• Task requirements
Return the run of lines below that opens with the line containing "Bildnis Johann Friedrich" and closes with the line containing "Vention Sieťová nabíjačka", keeping each one exact.

• Data
_ _ _ _ _ _ _
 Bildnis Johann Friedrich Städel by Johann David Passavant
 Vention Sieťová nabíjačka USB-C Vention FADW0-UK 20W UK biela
_ _ _ _ _ _ _
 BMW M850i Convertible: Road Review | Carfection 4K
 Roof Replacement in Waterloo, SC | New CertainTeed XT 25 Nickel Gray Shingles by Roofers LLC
_ _ _ _ _ _ _
• Exercise result
 Bildnis Johann Friedrich Städel by Johann David Passavant
 Vention Sieťová nabíjačka USB-C Vention FADW0-UK 20W UK biela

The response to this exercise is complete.